Sarah Blackmore

MA Registered Clinical Counsellor #12933

Sarah Blackmore

Sarah Blackmore is currently not accepting new clients in order to make sure they have enough time to support their current clients.
Get matched with another counsellor now

Sarah is currently not accepting new clients, but if you feel like her approach is a good match for you, we encourage you to book an appointment with the practicum student that Sarah is supervising. Our practicum student Rachel Keyzer’s bio can be found here.

We all need help at times to overcome barriers that hold us back from living fulfilling lives. Sarah believes in working collaboratively with clients to identify their strengths, cope with challenges, and support their true values. Sarah focuses on developing a safe and open therapeutic relationship in order to promote healing, change, growth, and self-acceptance. Sarah uses intersectional feminist principles to empower clients by recognizing larger oppresive systems impacting their lives.

Sarah (she/hers) is Registered Clinical Counsellor (RCC) with an MA in Counselling Psychology. As part of her education, Sarah completed a Master’s Thesis exploring the inequity queer women face in accessing safe and approriate sexual healthcare. Sarah has lived experience in the queer community and she is passionate about supporting LGBTQI2S+ individuals.

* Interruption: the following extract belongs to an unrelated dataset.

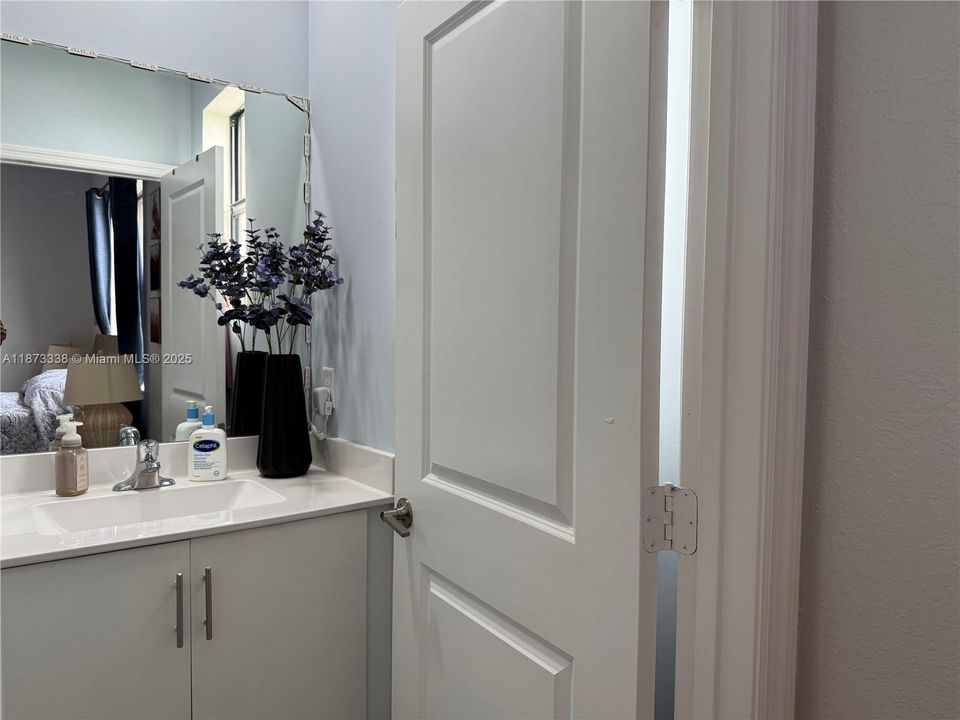 待售: $550,000 (3 贝兹, 2 浴室, 1540 平方英尺)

Sarah has additional training and education in Acceptance and Commitment Therapy (ACT), mindfulness, Indigenous ways of knowing, and working with LGBTQI2S+ communities. Sarah’s previous experience includes working at the YMCA of Greater Vancouver as the Manager of Mental Wellness Programs where she oversaw and supported the delivery and provincial expansion of Y Mind, an accessible and early-intervention program for teens and young adults experiencing mild-moderate symptoms of anxiety. This work included partnering and liaising with various sectors including government, education, nonprofit and healthcare. Sarah gratefully accepted Indigenous leadership in collaboration with Indigenous communities across BC to deliver the program in culturally safe and inclusive ways.

Sarah uses multiple therapeutic tools and approaches when working with clients and she always brings in herself as a fellow human who’s lived through numerous challenges. Sarah has experience working with diverse populations in both individual and group counselling settings.

Aside from individual counselling, Sarah provides consultation and supervision both internally at Peak Resilience and externally. Sarah’s experience includes supervising counsellors and facilitators of the Y Mind program through curriculum training, program intake and delivery, and evaluation.

In addition to her role as a counsellor, Sarah is a mother, partner, daughter, sister, friend, community member, and an uninvited settler on the stolen territory of the Coast Salish peoples.

Anxiety & Stress
Body Image
Depression & Low Mood
Goal Setting
Life Changes & Transitions
Self Worth
Sexual Identity & Gender Expression
Sexual Violence
Trauma & Complex Trauma
Relationship Issues & Communication
Acceptance & Commitment Therapy (ACT)
Intersectional Feminist Therapy
Group Therapy
Queer Theory
Trauma Informed

What experience or background do you bring to your counselling and supervision practice that is uniquely yours?

I was lucky enough to have counselling normalized in my family from a young age. I went to counselling on and off, both individually and with different family members, throughout my childhood, teen years, and early twenties. I remember worrying when I was younger about whether or not I could be a counsellor when I needed counselling myself – I had internalized the belief that in order to be a counsellor you essentially couldn’t have any problems – I now know how untrue this is! Counsellors also happen to be humans :-)

What is your favourite thing about working closely with people every day?

I am so inspired by my clients! I am reminded constantly of how much work counselling is and I am truly in awe of the dedication and courage clients have in their efforts to learn, cope, heal, succeed, process, accept, confront, challenge… I could go on and on!

What is a personal challenge that you have overcome in your own life?

Hmm what to pick for this… I’ll go with the roller-coaster ride of my sexual identity. Growing up I considered myself to be heterosexual and to be honest I didn’t give my sexuality much thought, I had boyfriends and sometimes felt attracted to girls. In university I started having more than friend feelings for another girl and had my first same-sex relationship. This led to a couple of years of having two separate lives – my university life where I was “out” and my home life where I was still very much in the closet. Through the help of therapy I navigated the coming out process to my family and friends and then a few years later after my initial same-sex relationship ended, I met my now partner – a guy. Embarking on a heterosexual relationship after a long-term same-sex relationship had it’s own challenges but I am fortunate enough to be surrounded by understanding and open-minded family and friends and of course my partner!

What have you learned from your work?

That we connect through vulnerability and there’s a lot of vulnerability in counselling, not only for clients but I also try to be vulnerable so that I can form close and trustworthy relationships with my clients.